Strengthen means to make strong by establishing, fortifying, hardening, and increasing. Each of these words could easily have its own article, but their collective weight challenges leaders to take future leaders to a stronger or deeper place. To do so, leaders must know the future leader’s strengths and weaknesses to challenge and grow appropriately. Strengthening work, however, is not easy work. There will be times when the leader needs to challenge an unwilling recipient. There will be times when patience will be required as God’s work in the future leader is incomplete or presently insufficient. There will be times when the future leader would rather remain in weakness. As difficult as these scenarios can be, none of them remove the leader's responsibility to strengthen. The kingdom's work is far too important, and the leader needs to model a resolve to strengthen others, regardless of difficulty.

Similarly, encourage means giving support, confidence, and hope.  To encourage means the leader imparts courage. It is a worthless pursuit to be strong and yet not have the courage to employ that strength or resolve. The word “paper tiger” comes to mind. There are far too many instances where leadership capacity is not the problem, but leadership resolve most definitely is. Godly leaders teach others to pursue, persist, and promote Christ and His kingdom - all of which will eventually require courage. We must be courageous to act with the strength we have been given. Godly leaders should be about the business of imparting courage to those under our care. 

How do we do so? Godly leadership demands that reliance on self is avoided at all costs. Ministries do not function on self-strength or courage. Godly leaders teach and model insufficiency despite having great ability. How, specifically, do we model that? Perhaps the easiest way is to pray. When is the last time you clearly prayed for your potential next-in-line leader? Jesus did. His prayer in John 17 was for His disciples. Jesus prayed for Peter that his strength not fail. Jesus then shared that with him (Luke 22:32). Prayer sets a rhythm and tangible example of dependence upon the Lord to those you lead. If you are not praying for your leadership and the leadership of others - do so today.

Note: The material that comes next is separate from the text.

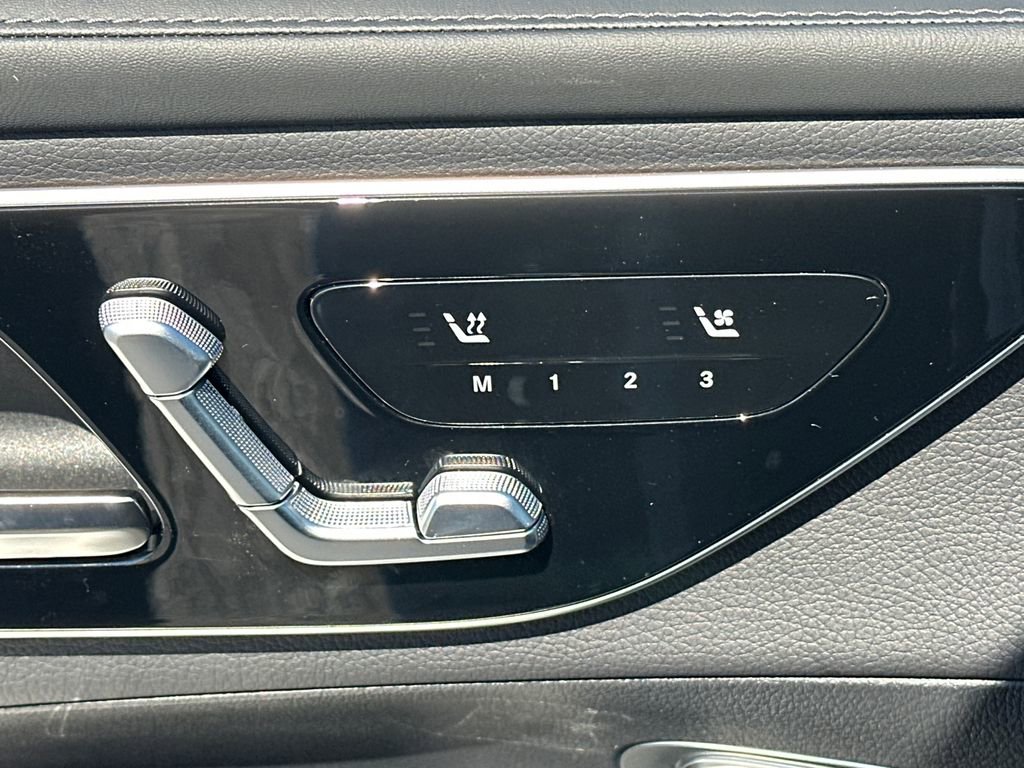 Certified 2025 Mercedes-Benz GLC 43 AMG 4MATIC image 11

Godly leaders also remind future leaders that the Lord’s presence and the strength that comes from it is the sustaining foundation of ministry. Both Joshua and Solomon were reminded to be strong and courageous not because of their incredible talents, but because the Lord would be with them. They were reminded that God was with their predecessors and He would be with them. We are reminded of the same. Christ shared with his followers that He would be with them always (Mat 28:20). He was with Stephen when he faced the brutal death of stoning, and He now sits on the throne to make intercession for each of us (Acts 7:56, Heb 7:25). God encourages and strengthens His children and reminds us that we will reap if we faint not (Gal 6:9,10). Christian leaders should do the same. We simply should not know why we should strengthen and encourage, but we should be about the business of doing so. Let that work begin today and may God receive the glory as you do.